Clay Richards, anarchist blogger, writes about politics, art, sexuality and emerging digital realities. More poststructuralist than postmodern, politically incorrect to some, harshly critical to others, the Postmodern Anarchist believes in anarchy without anarchists, yet will freely discuss anarchism at the drop of a hat. Contact: postmodernanarchist(at)netweed(dot)com

The Postmodern Anarchist now resides at postmodernanarchist.com!

5/27/2004

Blog Update 

Every day I see articles that I want to post to this blog, partly because it's the only outlet I have for such things. I think there's a strong chance I'll be back in mid-June. If you want to know when I'm back without having to keep checking, please write to be on my return announcement list:

postmodernanarchist(at)netweed(dot)com

I will only use the email once for the purpose of letting you know I'm back. And it would be great if you could let me know why you care about my return because that will affect the future direction of the Postmodern Anarchist.

Clay

5/25/2004

The Postmodern Anarchist Takes A Vacation 

Full of conflicts, yet unable to continue, the Postmodern Anarchist takes a vacation in order to sort things out.

In mid June, I'll make an official statement about whether or not I'm going to continue with this weblog.

Although the entries I post come from a variety of sources, if you like the political news or the technology posts, you can get a lot of it at the following netweed pages:

Anarchy

Headline News

Tech News

Each of these pages has regularly updated headlines from excellent news sources plus links to other great resources. Also, the links in the right hand column will connect you to a variety of websites that focus on issues related to the Postmodern Anarchist.

Till soon.

5/22/2004

The Nonlinear Dangers of Global Warming 

Is it too late to stop global warming? Mark Lynas has a great article in the New Statesman that you can access without a subscription if you go to this article at Wired, scroll down to the "methane nightmare" section and click through on his name.

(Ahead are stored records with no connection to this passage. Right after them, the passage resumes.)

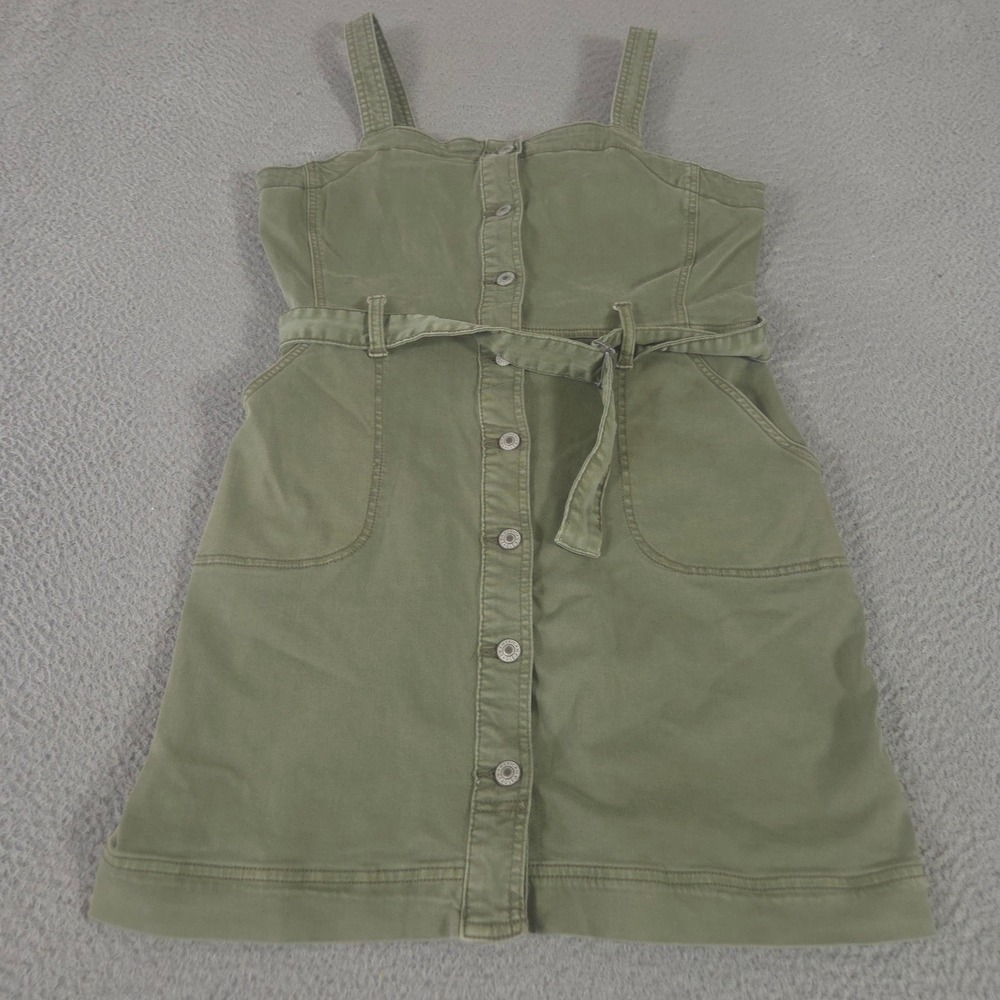 American Eagle Dress Womens L Green Button Front Belted Utility Cotton Stretch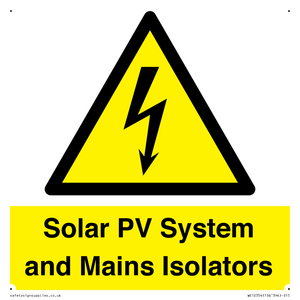 Solar PV System and Mains Isolators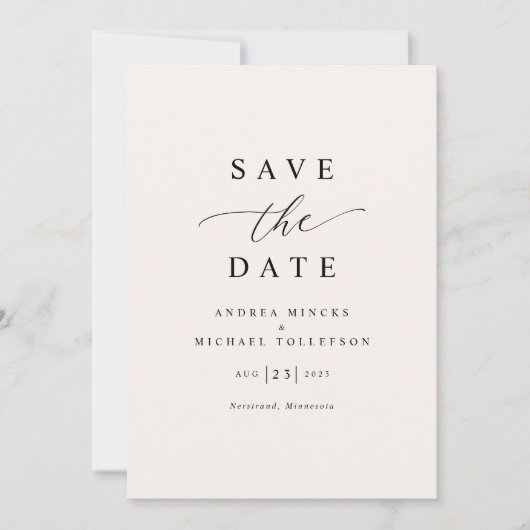 Save The Date Mariage Simple Élégant Moderne (Devant)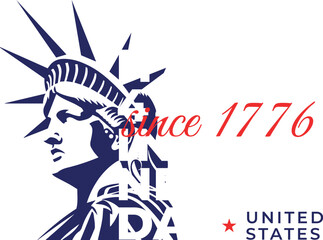 Happy 4th of July Independence Day, United States, since 1776, New York Statue of Liberty Vector silhouette. Lettering design for merchandise, t-shirt, design vector illustration eps 10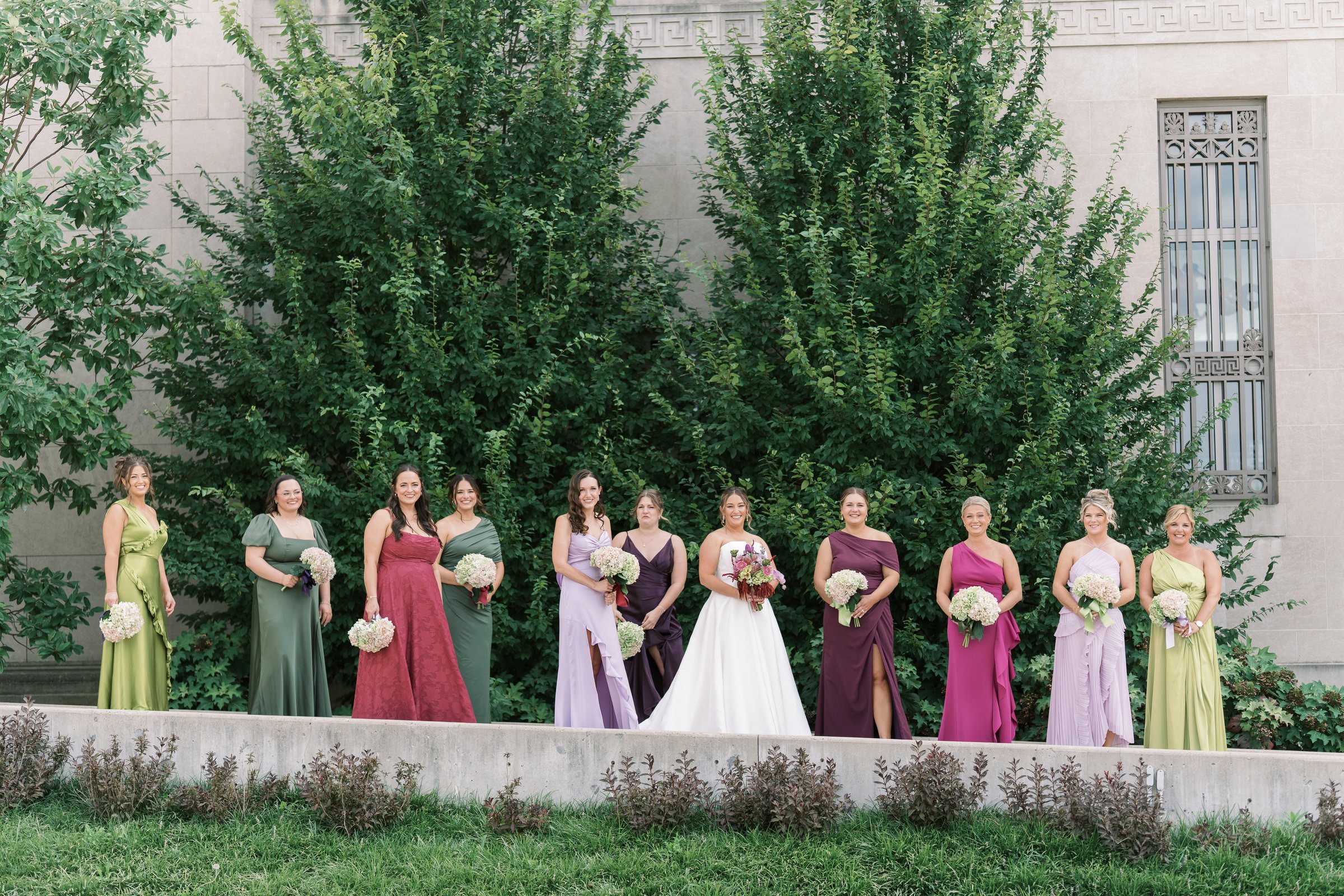 Kent and Nicolette wedding: nicolette bridesmaids colorful dresses.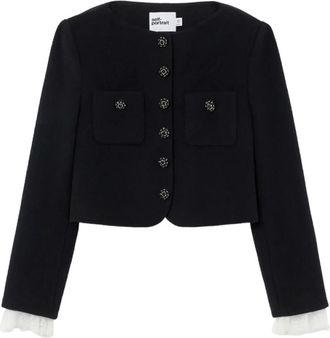 Self Portrait Button Down Jacket - Dames - Blazers - Zwart - M - Wol - Jassen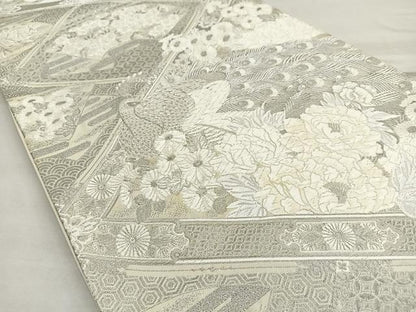 平和屋着物◎六通柄袋帯 唐織 孔雀地紙花文 銀糸 正絹 逸品 BAAQ5922ea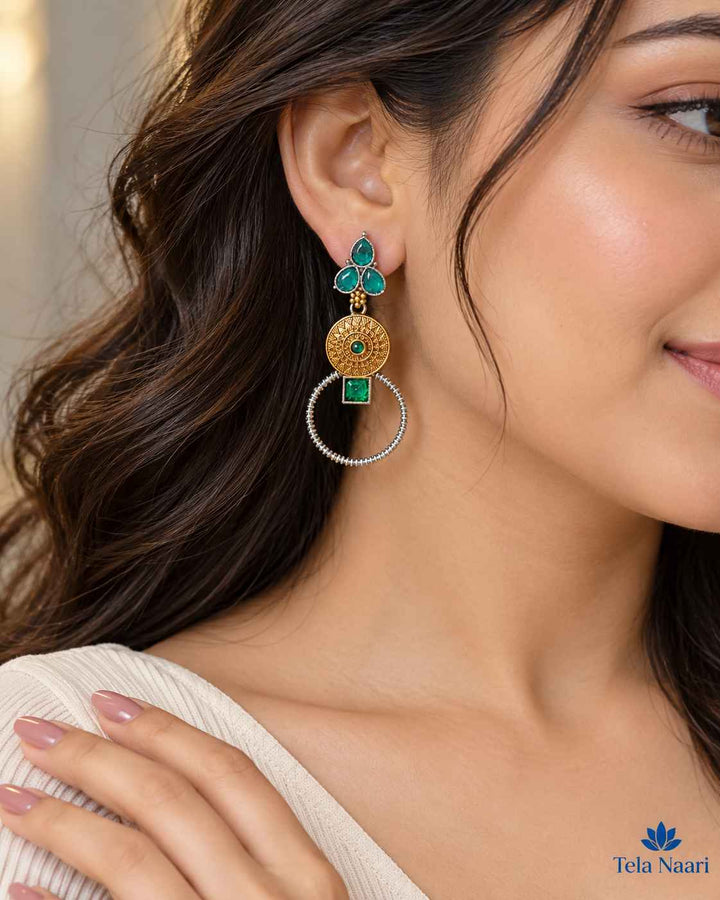 Aishwarya Green Dual Tone Silver Plated Earrings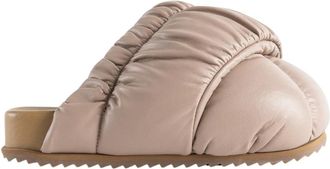 Yume Yume Vegan leren sabot met gerimpeld band - Dames - Pantoffels - Beige - 36 EU - Leer - Schoenen
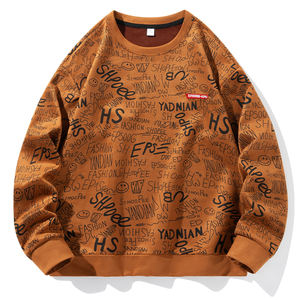 เสื้อสเวตเตอร์คอกลมสำหรับผู้ชายสไตล์อเมริกันย้อมสีมัดย้อมเสื้อสองชิ้นใส่สบายทันสมัย2025โลโก้แบบกำหนดเอง - Product Image 5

There are multiple ways that global warming could fuck us up and they all occur in a nonlinear manner, in this case escalating rapidly and unexpectedly like cascade failure (you may have picked that one up on Star Trek).

Nonlinear concepts raised in the above article:
"positive feedback" (feedback is inherently nonlinear)
"potentially unstoppable spiral" (like cascade failure)
"entire continental slopes could collapse" (catastrophe theory)
"sudden, unanticipated events" (catastrophes but this articles says that meterologists call them "surprises")

One of the important points that Mark Lynas makes is that scientists involved with these issues are pretty much agreed that global warming is happening, it's the outcome that's in dispute and cannot be clearly predicted. Nonlinear events (i.e. most events in real life) lead to unexpected outcomes, so it will be difficult to say conclusively what will happen.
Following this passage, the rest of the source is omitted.